Write out, word for word and with no pictures, each line below from the one containing "Umgee Half Button" through the one containing "Men's Saucony Triumph", both included, and no other line.
(Dataset content Opens)
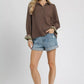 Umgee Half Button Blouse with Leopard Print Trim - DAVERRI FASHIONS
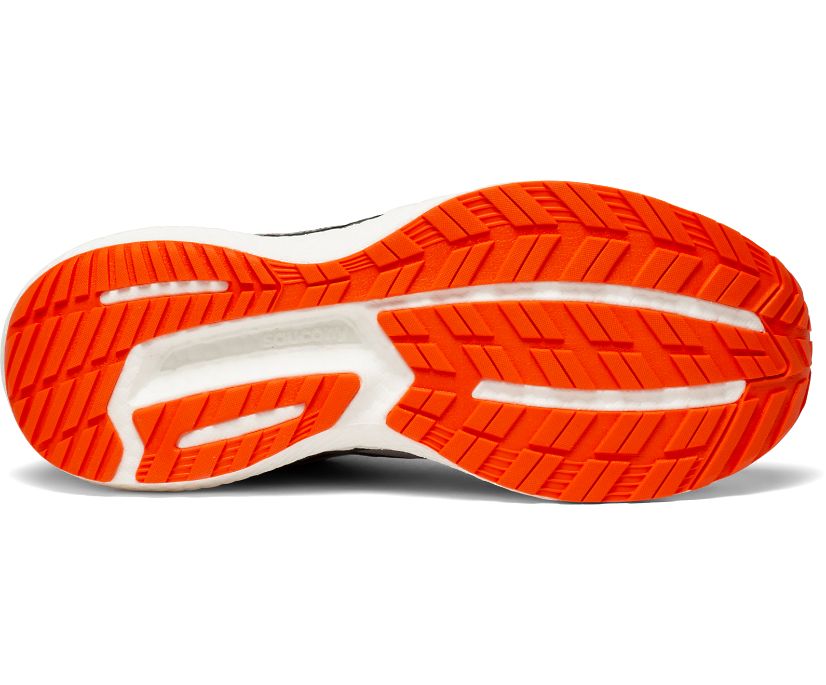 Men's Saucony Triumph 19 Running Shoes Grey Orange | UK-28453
(Dataset content Closes)
(Dataset content Opens)
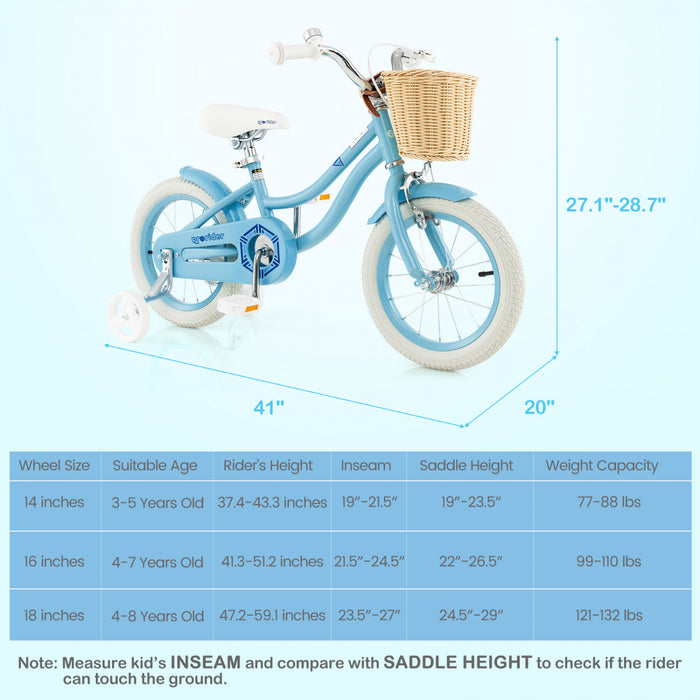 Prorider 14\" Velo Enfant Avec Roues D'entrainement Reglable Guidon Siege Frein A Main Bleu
(Dataset content Closes)
(Dataset content Opens)
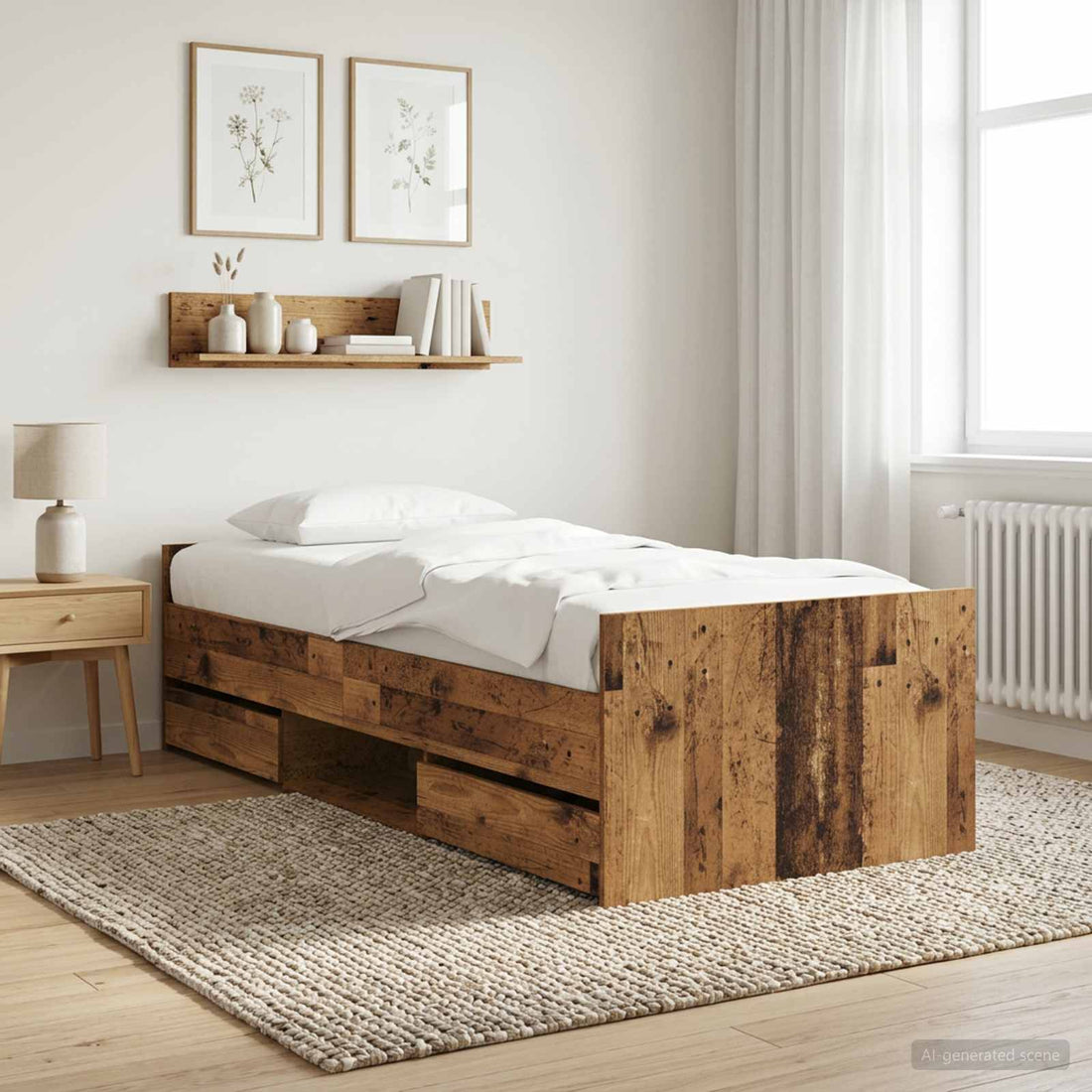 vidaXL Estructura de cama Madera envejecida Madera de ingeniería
(Dataset content Closes)
(Output for this task):
 Umgee Half Button Blouse with Leopard Print Trim - DAVERRI FASHIONS
 Men's Saucony Triumph 19 Running Shoes Grey Orange | UK-28453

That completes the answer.